A 便が漏れる原因は、(1) 皮膚にシワがあって面板が密着していない (2) ツーピースタイプの面板と袋がしっかり接合していない (3) 皮膚保護材が溶け出しているなどが考えられます。
(1)の場合は、皮膚をしっかり伸ばして粘着させる、面板が凸型のハードなものに替える、チューブやシートタイプの粘土のような皮膚保護材をシワに埋め込むなどの方法をためしてみてください。ストーマが陥没またはいびつな形で便がもれるときも、皮膚保護材で調節するとよいでしょう。

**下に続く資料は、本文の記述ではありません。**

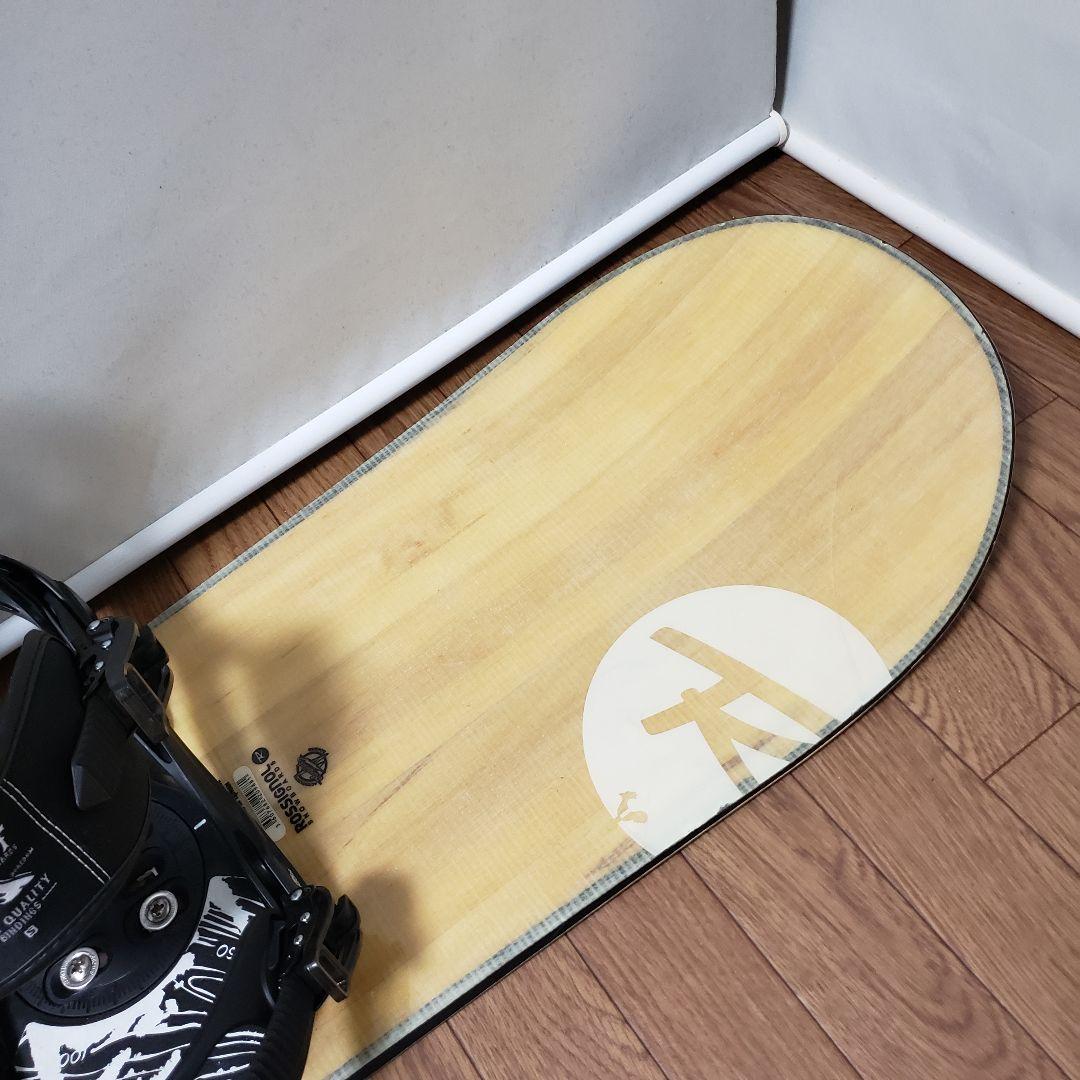 ROSSIGNOL SALOMON 155cm スノーボードセット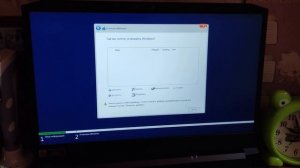 Aser Nitro 5 Установка Win 10 с нуля. Почему не видит внутренний накопитель.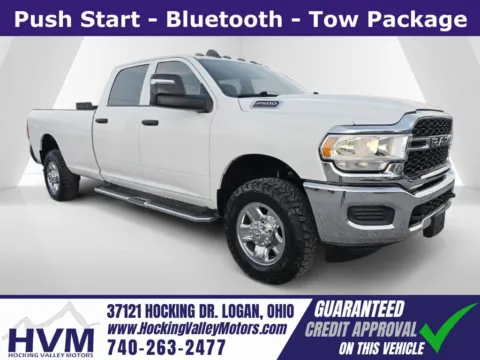White 2023 Ram 2500 Tradesman for sale in Logan, OH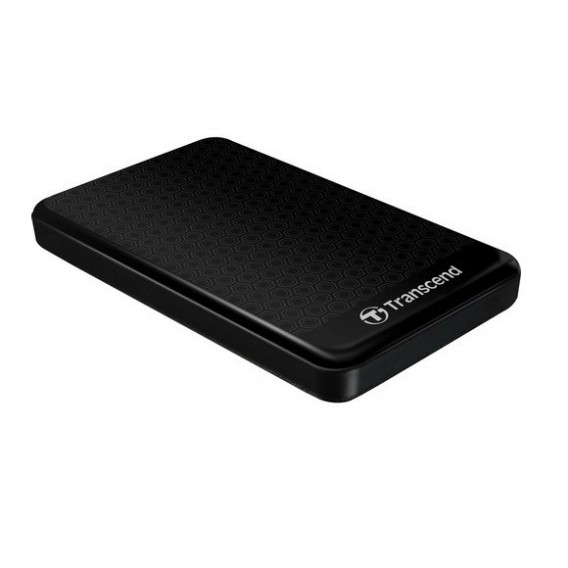 Жесткий диск HDD Transcend 1Тb 2.5'' USB 3.1 StoreJet 25A3 черный TS1TSJ25A3K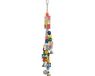 Nobby papegaaien-toy hout en touw nr.1 mix 50 cm - 1 ST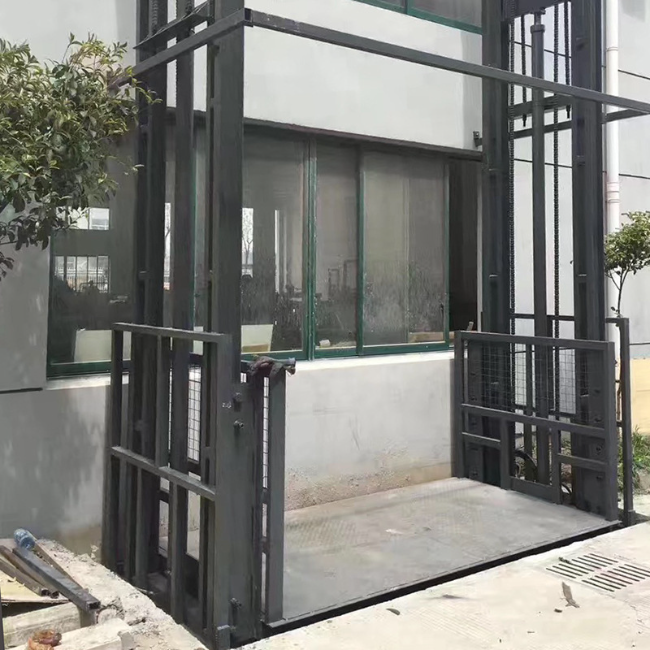 长葛5吨室外升降货梯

(2)の場合、面板と袋の接合部が密閉容器タイプのものや、丸いリングでとめるロック式(右の写真参照)などがありますが、いずれも注意深くしっかりととめつけます。高齢で手の力がないような方は、ワンピースタイプに替えるとよいでしょう。
(3)の場合、皮膚保護材は、便の水分を吸収するとふくらみ、だんだん溶けてきます。ストーマの周りの皮膚保護材が5~10ミリ程度溶けてきたら、便がもれる原因になりますから、ストーマ装具を交換してください。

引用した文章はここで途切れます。